Basic concepts

Deep dive into HyperAgents: agents, the evolutionary loop, archive, evaluation, and execution. Workflow diagrams are included below alongside the narrative so you can read in one place.

Overview

HyperAgents combines evolutionary computation and Quality-Diversity (QD) ideas: keep an archive of agent versions, score each one, and use strong ancestors as parents for the next mutation (MetaAgent edits).

Workflow diagrams

Evolutionary loop (outer)

One generation (sequence)

Use participant id Main (not Loop) — Mermaid reserves loop for control blocks.

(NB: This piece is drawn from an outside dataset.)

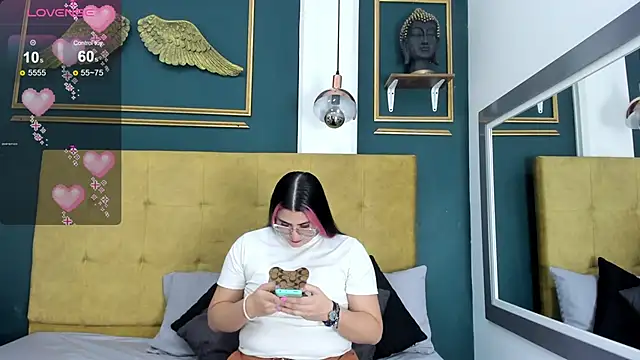 Snapshot of BellaPeers_ chatting on 02.04.25 BellaPeers online show from 02.04.25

TaskAgent vs MetaAgent (programs)

Execution mode

The two agents

TaskAgent — the worker

Input: formatted task string (from domain.formatInput).
Output: prediction string (and optional structured result).
Tools: domain-specific, optional (e.g. calculator, bash).
Implementation: src/agent/task_agent.ts.

Behavior is mostly prompt + tools — both can be edited by the MetaAgent.

MetaAgent — the improver

Input: repository path, evaluation paths, parent score context.
Output: modified files / diffs on disk.
Tools: framework bash + editor only.
Implementation: src/agent/meta_agent.ts.

The MetaAgent is the mutation operator: it does not solve tasks directly; it rewrites what does.

How they cooperate

The evolutionary loop

Implemented in src/core/generate_loop.ts. Each generation typically:

Select parent from the archive (select_parent.ts).
Set up executor (local or Docker).
Apply lineage — replay patches so the workspace matches the parent.
Run MetaAgent — produce a new patch from failures and context.
Run TaskAgent via harness (staged eval may run first if configured).
Evaluate — domain scores predictions; reports written under output dir.
Update archive — append JSONL snapshot with new genId, scores, patch list.

Configuration sketch

const config: GenerateLoopConfig = {
  domains: [myDomain],
  metaAgent,
  taskAgentFactory: (t) => new TaskAgent({ model, tools: t }),
  tools: getFrameworkTools(),
  outputDir: "./outputs/evolution",
  repoPath: ".",
  maxGenerations: 5,
  executionMode: "local",
  parentSelection: "score_child_prop",
  evalSamples: 10,
};

The archive

The archive is an append-only JSONL file: each line is a full snapshot { archive, entries }. Read the last line for current state.

Entry shape (conceptual)

Field	Meaning
`genId`	Unique generation id
`parentId`	Parent generation (tree edge)
`patchFiles`	Patch paths in lineage
`scores`	Per-domain numeric scores
`validParent`	Can future gens use this as parent?
`metadata`	Run metadata (e.g. `run_eval`)

Lineage is a tree

Branches are normal: parentId points to the actual ancestor, not necessarily the latest id.

Why JSONL?

Appending a line is cheap; you keep history of every snapshot without rewriting a giant JSON file. See also JSONL vs JSON in the table below.

	JSON	JSONL
Structure	One object per file	One object per line
Append	Rewrite file	Append line
Latest state	Parse all	Read last line
Typical use here	`report.json`, `predictions.json`	`archive.jsonl`

Parent selection strategies

From src/core/select_parent.ts, chosen once in config for the whole run:

Strategy	Behavior
`random`	Uniform over valid parents — max exploration
`latest`	Most recent valid parent — simple chain
`best`	Highest score — pure exploitation
`score_prop`	Random weighted by score
`score_child_prop`	Score-weighted with child penalty (default) — explore under-used parents

Why not always best? You can get stuck in a local maximum; sometimes a weaker parent opens a path to a better global solution.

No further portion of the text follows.